And her tears are on her cheeks:
Among all her lovers
She hath none to comfort:
All her friends have dealt treacherously with her,
They have become her enemies."
This was but the enlargement and national application of the distress experienced by the women of Israel during the siege and final overthrow of the city in which all Jewish hopes centred.
Of the Hebrew women during the period of the exile, we know comparatively little. And yet no woman of later Biblical Judaism made so deep an impression upon the Jewish mind as did Esther. By her beauty and the wise cunning of her uncle, she became the wife of King Ahasuerus, the famous Persian who attempted to measure arms with the Greeks--an effort which turned out so disastrously for the gigantic but undisciplined Persian army. The story of Vashti's deposal, because she refused to lend herself to the immodest proposal of the king, befuddled by the wine of banqueting and revelry; of the subsequent selection of Esther as queen; of her entreaty for her people, against whom a deep-laid and cruel plot was soon to be executed,--is a familiar narrative.

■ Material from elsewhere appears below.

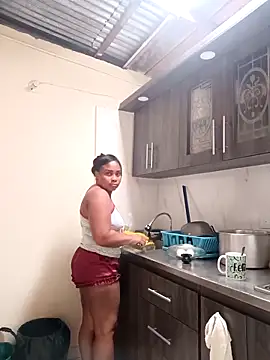 Snapshot of NicolVilla chatting on 21, 11, 2025 NicolVilla online show from 21, 11, 2025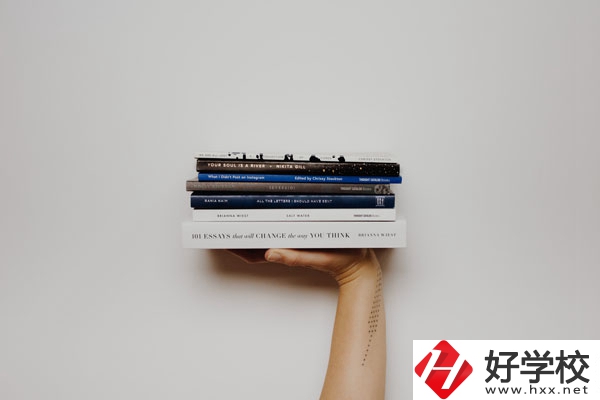 永州九嶷工業(yè)學(xué)校好不好？宿舍怎么樣？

That a Jewish woman should have been elevated to such a position in the Persian palace seems so improbable that some have been inclined to doubt the accuracy of the story which the Book of Esther records, especially since profane history tells of but one wife of Ahasuerus, Amestris. But the argument from silence is always precarious. Vashti and Esther may easily have been extra-legal wives of the king, even though Amestris were his only legally recognized wife. The well-known custom of Oriental monarchies makes such a view highly probable. At all events, there stands the well-known feast of Purim, the "festival of the Lots," as a monument in Jewish religious life of the substantial accuracy of the events recorded in the Book of Esther.
The power of Esther's life and of her service to her people in exile may be in a measure estimated by the fact that no book in all the Bible was so much copied, or was so generally in possession of the Jewish families as that of Esther. Indeed, it was asserted by Maimonides and believed by many that when at the coming of Messiah all the rest of the Old Testament should pass away, there would still remain the five books of the law and the Book of Esther. Written as it was, upon separate scrolls, it was in thousands of Jewish houses. Even at the present day rolls containing Esther are the prized possession of Jewish families; and these are sometimes even now passed down from parents to their children upon the wedding day. On the day of Purim, the book is read in public as a part of the service, that the way in which Esther became the savior of her people may never be forgotten. The power of Esther's story over the Jewish mind has seemed the more remarkable, since it is the single book in the Hebrew Canon which does not contain the name of God. But on the other hand, there is no Hebrew writing that is so intense in its national spirit; none which breathes and burns so deeply with the characteristic genius of "the peculiar people."
There was perhaps no time in the history of the Hebrews when social life received a more severe shock than during the days of the reforms instituted by Nehemiah about the middle of the fifth century before Christ. When the Jews returned from their exile in Babylonia many of them married women of gentile blood and religion, daughters of those who had peopled the land of Palestine during the exile. Children of Jews were being born and taught heathen language and heathen worship by their mothers. Nehemiah, under appointment as governor, when he saw that Jews had married "wives of Ashdod, of Ammon, and of Moab," commanded that all foreign women be immediately divorced, and that only Jewish women should be taken for wives. Great was the temporary suffering involved, to be sure, but the aim in view, namely that of keeping the people henceforth free from idolatry seemed to justify even so drastic a measure. A grandson of the high priest, himself in priestly line, had married Nicaso, daughter of Sanballat, the Horonite, the very crafty and troublesome ruler of Samaria. When Nehemiah demanded of him that he give up his wife he refused. The governor accordingly expelled him from Jerusalem, chasing him out of his presence, as the Biblical narrative informs us. Josephus says that when the people demanded that he give up his alien wife or his priestly office,--as the law flatly forbade priests from having foreign wives,--he decided first in favor of his office. But when Sanballat, his father-in-law, heard of it, he told him not to move hastily, but if he would keep Nicaso his wife, he, Sanballat, would build him a temple of his own, so that he might be not only a priest, but high priest, and Nicaso's husband at the same time. This appealed to Manasseh's judgment, and he chose the plan of his father-in-law. Thus was built the temple on Mount Gerizim, which became thereafter the centre of Samaritan life and worship. It was concerning Mount Gerizim that the Samaritan woman at the well spoke when she said to Jesus: "Our fathers worshipped in this mountain; and ye say that in Jerusalem is the place where men ought to worship."